[SUPPLIED MATERIAL Boundary: Start]
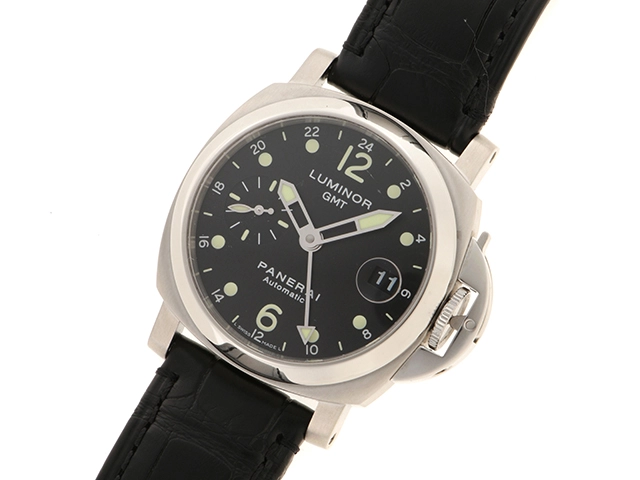 PANERAI パネライ ルミノール GMT PAM00159 SS/革 メンズ 自動巻き 2148103699290【432】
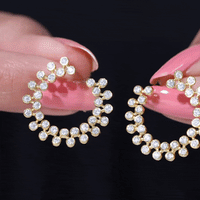 Certified Moissanite big stud earrings for women by Rosec Jewels, featuring sparkling white moissanite stones on sterling silver earrings.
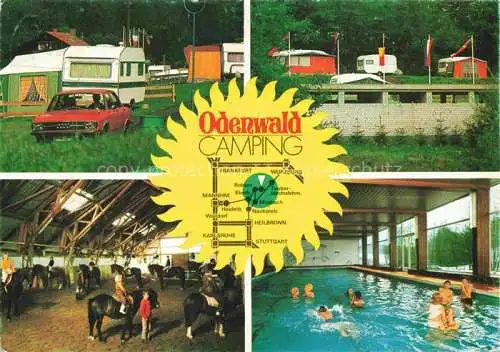 AK / Ansichtskarte Krumbach Limbach Odenwald Camping Reithalle Hallenbad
[SUPPLIED MATERIAL Boundary: End]
Word for word, return the material, omitting the pictures.

 PANERAI パネライ ルミノール GMT PAM00159 SS/革 メンズ 自動巻き 2148103699290【432】
 Certified Moissanite big stud earrings for women by Rosec Jewels, featuring sparkling white moissanite stones on sterling silver earrings.
 AK / Ansichtskarte Krumbach Limbach Odenwald Camping Reithalle Hallenbad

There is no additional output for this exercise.